# WiltonLawn's 2022 Journal (better late than never)



## wiltonlawn (7 mo ago)

Did a final cut on the backyard this afternoon. Last cut there was Nov 7th. Per @Green advice I've waited and its only going to drop to mid-30's before warming up overnight and rain tomorrow, so this was maybe the last good opportunity.

The purpose of the journal is to kind of "record" the back log of things I did, learned, messed up, ect in 2022 which was my first year of really getting into lawn care and the first full season at our current property. Luckily between my google spreadsheet, pictures, and previous posts, I should be able to piece the year together.


----------



## wiltonlawn (7 mo ago)

First photo I found is from April so I will start there. My son's turtle sandbox cover was left on the dormant grass for a couple days and when I flipped it, there was serious growth as of April 2nd when everything would stay dormant for another several weeks. I also had a lot of weed pressure, with some interesting ones flowering that I snapped a photo of attached. I didn't really do much in April per my records. Did the first cut on April 24th which my notes say was mostly weeds. I don't think the grass really started growing until that least week of April due to low soil temps. My neighbor two doors down was ribbing me that my lawn looked so terrible with all the weeds popping up - and he is a pastor! Well that was what ultimately led me down the rabbit hole.


----------



## wiltonlawn (7 mo ago)

MAY: I think I ended up watching an Allan Hayne video titled something like "If you do one thing to your lawn this year" and it basically suggested broadcast spreading a 3 in 1. I think his overall message to viewers is that you need to start somewhere, and this is a pretty easy thing that most people can handle. At the time my daughter had just turned 1 and my son was nearly 2 1/2, so I didn't have high expectations for myself. So I ended up buying some Greenview on sale and threw it down on May 3rd. It was a little late, but it had been a cold and I read the dithiopyr would still be pretty effective even if late.

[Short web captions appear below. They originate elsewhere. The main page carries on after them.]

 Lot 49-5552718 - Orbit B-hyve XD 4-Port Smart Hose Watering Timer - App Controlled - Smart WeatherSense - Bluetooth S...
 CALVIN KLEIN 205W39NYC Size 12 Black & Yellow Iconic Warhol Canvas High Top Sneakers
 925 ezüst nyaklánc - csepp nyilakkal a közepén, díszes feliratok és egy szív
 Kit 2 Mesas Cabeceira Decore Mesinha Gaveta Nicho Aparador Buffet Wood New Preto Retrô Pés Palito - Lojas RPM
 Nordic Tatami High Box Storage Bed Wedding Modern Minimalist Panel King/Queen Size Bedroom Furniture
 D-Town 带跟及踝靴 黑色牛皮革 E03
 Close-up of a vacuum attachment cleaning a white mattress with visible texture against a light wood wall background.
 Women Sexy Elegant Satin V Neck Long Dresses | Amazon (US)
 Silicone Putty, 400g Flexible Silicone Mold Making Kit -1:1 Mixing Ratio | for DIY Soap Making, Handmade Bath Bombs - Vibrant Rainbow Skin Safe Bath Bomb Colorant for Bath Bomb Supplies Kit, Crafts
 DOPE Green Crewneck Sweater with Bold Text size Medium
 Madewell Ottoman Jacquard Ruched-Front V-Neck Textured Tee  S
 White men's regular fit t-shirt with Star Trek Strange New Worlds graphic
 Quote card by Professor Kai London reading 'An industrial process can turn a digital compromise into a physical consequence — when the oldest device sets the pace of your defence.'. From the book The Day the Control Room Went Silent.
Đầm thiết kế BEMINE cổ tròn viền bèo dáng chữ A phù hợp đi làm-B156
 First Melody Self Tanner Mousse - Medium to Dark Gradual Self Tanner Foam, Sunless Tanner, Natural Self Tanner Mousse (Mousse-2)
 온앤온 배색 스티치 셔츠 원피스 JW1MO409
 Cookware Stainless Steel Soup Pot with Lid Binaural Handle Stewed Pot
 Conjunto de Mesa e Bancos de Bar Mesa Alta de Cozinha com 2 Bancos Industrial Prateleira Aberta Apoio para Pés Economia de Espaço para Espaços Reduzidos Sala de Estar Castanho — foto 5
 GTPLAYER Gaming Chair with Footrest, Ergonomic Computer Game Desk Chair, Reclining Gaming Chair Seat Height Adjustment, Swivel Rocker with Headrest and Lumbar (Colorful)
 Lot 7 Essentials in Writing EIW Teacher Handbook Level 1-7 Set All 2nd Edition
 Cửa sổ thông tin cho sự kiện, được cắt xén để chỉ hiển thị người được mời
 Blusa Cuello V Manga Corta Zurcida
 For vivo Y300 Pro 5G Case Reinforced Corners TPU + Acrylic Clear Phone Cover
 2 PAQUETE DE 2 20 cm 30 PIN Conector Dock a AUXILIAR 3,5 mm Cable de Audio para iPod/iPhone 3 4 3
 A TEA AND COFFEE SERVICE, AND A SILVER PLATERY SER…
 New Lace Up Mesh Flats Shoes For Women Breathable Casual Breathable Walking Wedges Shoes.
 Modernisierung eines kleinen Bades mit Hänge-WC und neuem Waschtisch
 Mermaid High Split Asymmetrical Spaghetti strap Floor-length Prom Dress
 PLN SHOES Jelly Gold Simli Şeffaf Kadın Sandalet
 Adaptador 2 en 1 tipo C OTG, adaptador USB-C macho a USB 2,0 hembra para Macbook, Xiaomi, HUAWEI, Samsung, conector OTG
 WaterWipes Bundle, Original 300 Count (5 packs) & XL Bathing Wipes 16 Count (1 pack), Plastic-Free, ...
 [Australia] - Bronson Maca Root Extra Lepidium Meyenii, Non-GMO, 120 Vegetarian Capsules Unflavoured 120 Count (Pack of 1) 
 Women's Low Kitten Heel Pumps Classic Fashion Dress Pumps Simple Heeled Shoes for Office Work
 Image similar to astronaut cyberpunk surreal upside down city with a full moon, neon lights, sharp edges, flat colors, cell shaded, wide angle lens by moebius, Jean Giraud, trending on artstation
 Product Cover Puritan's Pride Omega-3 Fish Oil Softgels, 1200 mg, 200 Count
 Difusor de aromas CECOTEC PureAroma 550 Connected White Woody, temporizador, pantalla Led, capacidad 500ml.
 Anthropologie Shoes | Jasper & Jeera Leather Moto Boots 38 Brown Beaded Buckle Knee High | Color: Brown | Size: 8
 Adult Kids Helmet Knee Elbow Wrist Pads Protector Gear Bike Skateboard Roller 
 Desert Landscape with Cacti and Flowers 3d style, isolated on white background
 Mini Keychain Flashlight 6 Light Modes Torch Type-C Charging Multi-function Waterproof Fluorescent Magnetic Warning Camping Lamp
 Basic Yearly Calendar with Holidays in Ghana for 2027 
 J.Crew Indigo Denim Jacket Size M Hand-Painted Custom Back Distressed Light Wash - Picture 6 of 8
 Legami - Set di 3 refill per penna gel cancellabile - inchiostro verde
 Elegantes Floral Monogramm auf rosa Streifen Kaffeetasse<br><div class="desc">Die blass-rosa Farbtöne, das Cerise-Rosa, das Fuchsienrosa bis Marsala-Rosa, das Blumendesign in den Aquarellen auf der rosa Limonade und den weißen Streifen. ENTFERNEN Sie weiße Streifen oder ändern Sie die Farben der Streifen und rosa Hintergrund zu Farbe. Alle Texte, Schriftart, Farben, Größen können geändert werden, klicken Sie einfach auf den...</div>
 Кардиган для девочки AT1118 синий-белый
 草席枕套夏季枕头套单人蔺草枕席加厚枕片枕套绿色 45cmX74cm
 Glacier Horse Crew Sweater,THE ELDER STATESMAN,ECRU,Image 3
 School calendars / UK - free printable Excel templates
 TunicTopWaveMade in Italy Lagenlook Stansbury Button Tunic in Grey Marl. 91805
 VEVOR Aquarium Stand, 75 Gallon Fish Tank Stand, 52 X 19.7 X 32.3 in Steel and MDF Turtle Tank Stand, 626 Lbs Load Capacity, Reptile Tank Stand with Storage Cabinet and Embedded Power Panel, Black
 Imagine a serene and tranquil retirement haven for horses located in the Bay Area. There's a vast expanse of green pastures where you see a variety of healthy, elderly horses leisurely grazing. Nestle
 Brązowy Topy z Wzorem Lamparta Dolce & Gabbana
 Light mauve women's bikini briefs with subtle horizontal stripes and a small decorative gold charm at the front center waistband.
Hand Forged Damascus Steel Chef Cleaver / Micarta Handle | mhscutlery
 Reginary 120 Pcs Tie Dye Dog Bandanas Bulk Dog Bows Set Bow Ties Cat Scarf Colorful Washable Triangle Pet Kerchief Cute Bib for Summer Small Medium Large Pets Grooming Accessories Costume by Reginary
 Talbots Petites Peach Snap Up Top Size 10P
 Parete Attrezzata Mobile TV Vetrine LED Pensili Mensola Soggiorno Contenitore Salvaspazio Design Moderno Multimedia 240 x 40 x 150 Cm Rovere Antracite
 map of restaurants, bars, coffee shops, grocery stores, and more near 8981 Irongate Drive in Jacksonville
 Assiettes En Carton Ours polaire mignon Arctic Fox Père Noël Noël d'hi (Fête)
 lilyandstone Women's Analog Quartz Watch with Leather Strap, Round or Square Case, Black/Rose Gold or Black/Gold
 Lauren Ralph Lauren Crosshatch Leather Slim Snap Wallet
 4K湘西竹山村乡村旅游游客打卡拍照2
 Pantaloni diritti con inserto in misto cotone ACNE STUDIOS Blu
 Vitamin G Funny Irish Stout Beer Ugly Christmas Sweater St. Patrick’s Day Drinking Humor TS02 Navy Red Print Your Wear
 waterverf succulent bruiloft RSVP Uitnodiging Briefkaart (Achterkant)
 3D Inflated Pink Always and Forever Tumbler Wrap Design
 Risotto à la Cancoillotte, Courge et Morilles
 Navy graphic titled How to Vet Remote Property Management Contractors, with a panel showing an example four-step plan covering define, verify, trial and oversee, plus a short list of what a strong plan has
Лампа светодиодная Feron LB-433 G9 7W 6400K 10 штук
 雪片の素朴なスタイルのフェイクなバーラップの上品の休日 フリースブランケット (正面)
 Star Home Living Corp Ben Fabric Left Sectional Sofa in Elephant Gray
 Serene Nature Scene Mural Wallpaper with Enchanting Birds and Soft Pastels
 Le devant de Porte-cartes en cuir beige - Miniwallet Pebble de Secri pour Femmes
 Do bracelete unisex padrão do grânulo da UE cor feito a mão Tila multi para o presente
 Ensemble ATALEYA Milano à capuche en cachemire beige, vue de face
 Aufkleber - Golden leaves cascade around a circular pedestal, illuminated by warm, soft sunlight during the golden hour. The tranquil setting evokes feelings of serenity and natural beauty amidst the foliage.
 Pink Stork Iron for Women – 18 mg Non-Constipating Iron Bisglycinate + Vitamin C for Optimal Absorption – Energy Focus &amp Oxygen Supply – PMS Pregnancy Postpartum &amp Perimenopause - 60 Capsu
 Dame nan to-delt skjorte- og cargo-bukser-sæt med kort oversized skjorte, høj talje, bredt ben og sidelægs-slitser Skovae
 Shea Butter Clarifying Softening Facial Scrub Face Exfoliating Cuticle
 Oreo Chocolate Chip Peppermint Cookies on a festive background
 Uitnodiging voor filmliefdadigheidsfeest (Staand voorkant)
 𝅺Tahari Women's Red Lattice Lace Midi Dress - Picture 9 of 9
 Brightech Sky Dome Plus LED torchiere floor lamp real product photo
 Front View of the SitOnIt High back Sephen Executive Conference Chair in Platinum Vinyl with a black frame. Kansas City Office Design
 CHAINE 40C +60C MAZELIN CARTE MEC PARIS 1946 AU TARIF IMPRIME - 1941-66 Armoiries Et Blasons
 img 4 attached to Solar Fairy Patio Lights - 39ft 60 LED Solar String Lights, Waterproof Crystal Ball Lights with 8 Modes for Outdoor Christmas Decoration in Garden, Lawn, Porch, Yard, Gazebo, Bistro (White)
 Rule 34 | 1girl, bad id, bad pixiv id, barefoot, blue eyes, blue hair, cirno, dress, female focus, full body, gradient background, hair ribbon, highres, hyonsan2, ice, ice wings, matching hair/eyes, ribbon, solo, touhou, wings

I got a good response from the N, but the mature broadleafs shrugged off the herbicides despite the fact that I spread it at the perfect time in the morning for the granulars to stick. I gave it a couple weeks to see progress, but by then I had been learning about backpack sprayers. I ended up getting a 4 gallon Flowzone based on a few youtube video recommendations. I also purchased Speedzone, mesotrione, and NIS. By the time everything arrived and I had figured out the calibration, I wasn't able to spray until early June. I don't have any lawn pictures from May, just one of smoe wild strawberry that I was trying to identify. By this point, there was a lot of stawberry, charlie, violets, clover, plus other stuff I didn't know was undersireable - nimble weed, bentgrass, stiltgrass - you name it. So I was planning to broadcast spray essentially the whole lawn. At this point I was still hiring out the mowing, but I switched to a guy that did a few neighbors lawns and he came on Wednesday instead of Friday. This essentially opened up the weekend when the kids were napping if I wanted to do anything to the lawn and still followed the 24-48hr pre-cut / post-cut application rules.


----------



## wiltonlawn (7 mo ago)

JUNE: A nice month. Very sunny with some rain. I continued to hire out weekly mowing but started to do some applications. I sprayed the Speedzone/Mesotrione mixture on the front and back. Saw some control but also had a lot of violets/strawberry laugh it off. I put down a bag of Mag-i-Cal I had bought the previous season to the front yard. And I sent out a soil test for the front yard as well. Started taking photos at the solistice to understand how much sun the different parts of the lawn receive. Joined The Lawn Forum after finding a lot of answers to my google searches here. Continued researching what was turning white in theyard.


----------



## wiltonlawn (7 mo ago)

JULY: Started to dry out and get hot (for here that is 85-92). Soil test on front said I was low on N,K and high on P. pH at 6.2. I ended up spreading 500 lbs of lime between front and back before rains early in the month before there was concern about potential drought. Started getting some crab and stiltgrass coming up a little after the 4th, picture shows it in backyard late July.Later figure out the scotts spreading was responsible for the the crabgrass striping as the dithopior did not get down evenly. Ended up spraying Acclaim/Tenacity when conditions allowed. Not sure I did the best job with it or if it requires several applications. Was using the cone tip that came with the FlowZone. Eventually decided to spend a few bucks for TeeJet fan tip for finer foliar spray. Started thinking about what kinds of culitvars I could use to overseed. Settled on Untited Super Turf TFFF. Given that I don't have irrigation in place this made the most sense at the time.


----------